In developed countries, young workers are not attracted to life insurance products, especially in light of the current interest rates. Investing in cryptocurrency, real estate or in their best friend’s start-up is far more attractive. In developing countries, the classical life insurance model lacks flexibility and more and more alternatives are developed (microinsurance, tontine, collaborative insurance or transfer apps such as PayTop or WorldRemit in African countries). Classical carriers have to reinvent their business model.
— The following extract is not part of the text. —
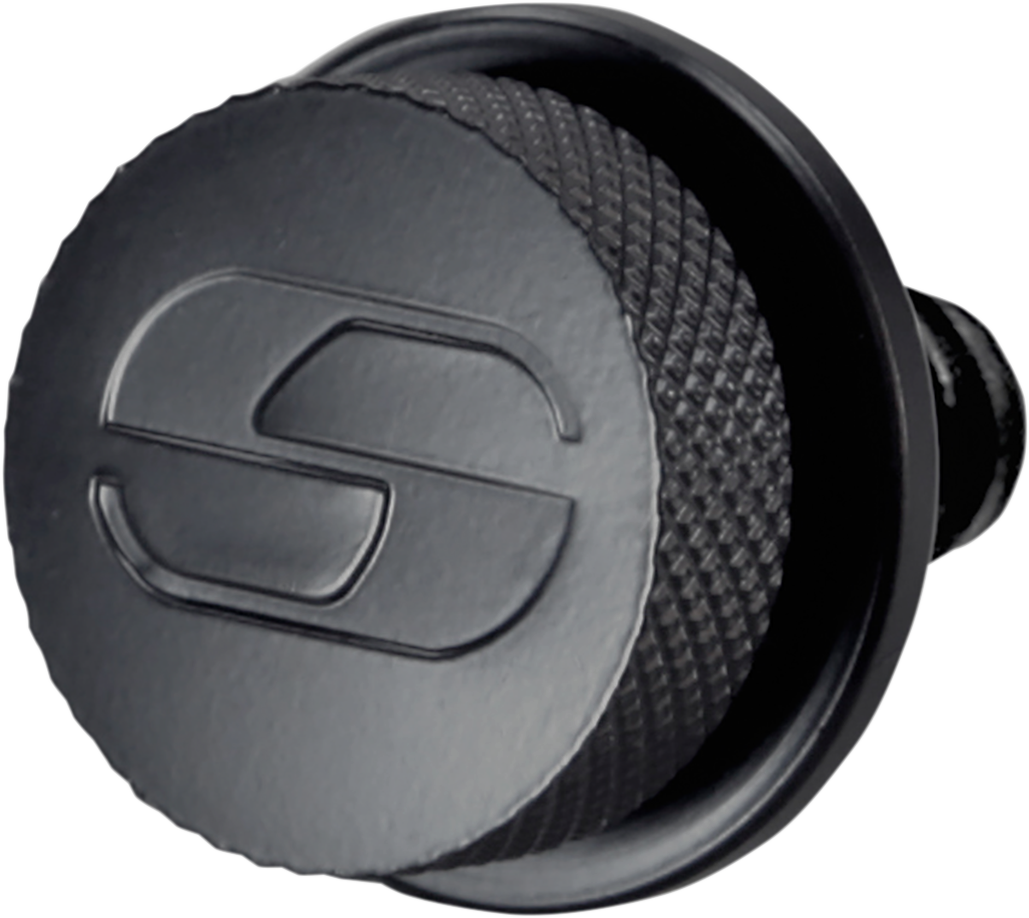 Black SADDLEMEN 1-1/4-inch-20 seat knob for motorcycle seats, designed by Bill's Exhausts.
They should tackle the following challenges:

  • Improve the brand image of life products (specifically in this low interest rates environment)
  • Attract new customers, as the penetration rate of life insurance worldwide remains low:
    • By offering more flexible products, especially for emerging markets
    • By offering more customized products allowing finer underwriting
  • Better use of the data and finer data analyses to anticipate customers’ needs both before and after the underwriting.
  • Simplify offers and find a new marketing strategy for the pension products.
  • Improve the sales process and the customer experience by simplifying it and making it shorter and more transparent.
  • Improve and induce the well-being and health of the policyholders, like Jonh Hancock, as we discussed in our article on ethics.

 

Non-life insurance

As we mentioned in our article of November 2019, the P&C market is getting harder. The critical issues for non-life insurers for the years to come are as follows:

  • Adapt their risk assessment models to better tackle the growing number of natural catastrophes, in particular by developing models based on Machine Learning.
  • Develop direct distribution channels that are accessible to all types of businesses, especially very small businesses and e-businesses.
  • Reassure consumers who are increasingly aware and educated, on the use of their private data.
  • Develop new solutions for the growing circular economy.
  • Develop new partnerships with non-traditional insurers (Ikea, Tesla, Porsche,…) and insurtechs and continue to invest in them.

 

Cloud Computing

More and more carriers are turning to cloud computing and this trend is just starting. However, the use of cloud is shifting from a simple infrastructure to a true strategic transformation tool, implying a business methodology to be developed and implemented. Cloud computing will also bring more flexibility and computational power to methodologies such as Machine Learning.

 

Conclusion

Although technological (r)evolutions are trendy, insurance remains a human business, and the human factor is not going away anytime soon. The technological advances should be supporting that, and not replacing it. The real challenge for insurers will be to combine technological innovations with the regulation evolutions while proposing transparent and flexible innovative product to their customers. Insurers have enough on their plate to keep them busy for the next 10 years or so.